Local outreach includes actual outside expenditures for local missions activities not classified as “global.” This includes direct support of community-based church ministries, local missionaries and agencies, and benevolence given to local individuals. It also excludes internally allocated costs and salaries of church employees included within missions for the same reason as stated above.
Churches may find this ratio useful in benchmarking their total outreach expenditures with other churches. But more importantly, when a church experiences economic difficulties, the ministry and mission expenses are usually the first to be decreased as debt service payments are not discretionary and personnel costs are difficult to reduce. Declines in this ratio can allude to other issues within the church. Monitoring these ratios over time will allow the church to identify any significant changes.
4. Facility Cost per Square Foot (Excluding Interest Expense)
The ratio of “Total Facility Costs (Excluding Interest Expense on the Debt and Depreciation)” to “Total Facility Square Footage”

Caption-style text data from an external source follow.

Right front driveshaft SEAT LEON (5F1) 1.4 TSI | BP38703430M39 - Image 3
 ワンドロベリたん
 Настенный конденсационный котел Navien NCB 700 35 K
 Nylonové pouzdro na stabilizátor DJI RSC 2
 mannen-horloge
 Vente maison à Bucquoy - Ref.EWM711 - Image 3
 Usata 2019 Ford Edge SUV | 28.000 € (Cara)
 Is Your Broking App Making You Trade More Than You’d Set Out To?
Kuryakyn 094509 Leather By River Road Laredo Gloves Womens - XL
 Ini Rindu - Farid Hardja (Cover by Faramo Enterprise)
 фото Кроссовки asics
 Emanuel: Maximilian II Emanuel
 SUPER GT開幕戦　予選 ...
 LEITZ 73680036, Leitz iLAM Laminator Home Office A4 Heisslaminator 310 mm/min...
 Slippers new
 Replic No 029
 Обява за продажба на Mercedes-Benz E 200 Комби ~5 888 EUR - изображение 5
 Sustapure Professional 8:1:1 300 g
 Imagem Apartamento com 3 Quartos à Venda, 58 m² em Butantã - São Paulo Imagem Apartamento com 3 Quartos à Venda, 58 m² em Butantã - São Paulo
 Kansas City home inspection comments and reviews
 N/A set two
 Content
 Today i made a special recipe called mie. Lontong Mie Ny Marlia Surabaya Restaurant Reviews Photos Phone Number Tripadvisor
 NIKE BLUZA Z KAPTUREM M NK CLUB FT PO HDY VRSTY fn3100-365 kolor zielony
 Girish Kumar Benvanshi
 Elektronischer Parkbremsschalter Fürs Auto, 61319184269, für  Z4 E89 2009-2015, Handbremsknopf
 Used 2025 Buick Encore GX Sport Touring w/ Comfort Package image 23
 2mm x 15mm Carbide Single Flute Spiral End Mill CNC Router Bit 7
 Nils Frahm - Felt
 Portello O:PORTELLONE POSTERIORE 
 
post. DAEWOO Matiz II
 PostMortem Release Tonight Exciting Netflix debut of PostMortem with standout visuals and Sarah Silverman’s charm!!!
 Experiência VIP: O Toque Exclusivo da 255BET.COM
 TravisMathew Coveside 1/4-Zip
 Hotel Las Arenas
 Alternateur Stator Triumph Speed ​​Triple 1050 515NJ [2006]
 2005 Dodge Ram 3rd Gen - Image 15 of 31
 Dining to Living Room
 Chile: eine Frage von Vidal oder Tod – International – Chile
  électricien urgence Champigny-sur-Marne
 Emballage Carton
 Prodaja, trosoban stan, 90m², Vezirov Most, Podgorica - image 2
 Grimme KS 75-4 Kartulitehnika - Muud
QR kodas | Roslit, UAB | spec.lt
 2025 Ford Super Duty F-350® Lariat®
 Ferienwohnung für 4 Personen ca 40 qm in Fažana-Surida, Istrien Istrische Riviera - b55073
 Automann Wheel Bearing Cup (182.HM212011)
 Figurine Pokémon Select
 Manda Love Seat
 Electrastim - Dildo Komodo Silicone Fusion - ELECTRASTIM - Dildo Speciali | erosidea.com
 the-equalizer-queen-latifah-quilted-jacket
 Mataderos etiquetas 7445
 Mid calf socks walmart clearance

This measure answers the question “How much does it cost to operate my church building?” Total facility costs include building and grounds maintenance, personnel salaries and benefits, outside contract labor, utilities (excluding telephone), security, liability insurance, and rent or mortgage payments. It should also include the cost of general repairs to the facility and other facilities-use expenses, but not equipment purchases or the cost of major renovations. This overall expense excludes both vehicle-related expenses and interest expense on debt and depreciation.
Keep in mind that facilities expense measures can vary, depending on whether the church has new or older facilities and is in one or multiple locations. Facilities expense measures can also vary by geographic area. The most accurate comparison would be against churches with buildings of a similar age as yours (e.g., built within a decade of your own).
Monitoring Your Church’s Financial Health
Measuring and monitoring expense ratios and other key financial data will help your leadership team assess your church’s financial health, identify areas for improvement, and be good stewards of your resources. The four ratios and measurements outlined above provide a good starting point for monitoring trends in expenses, and additional metrics have been discussed in other columns.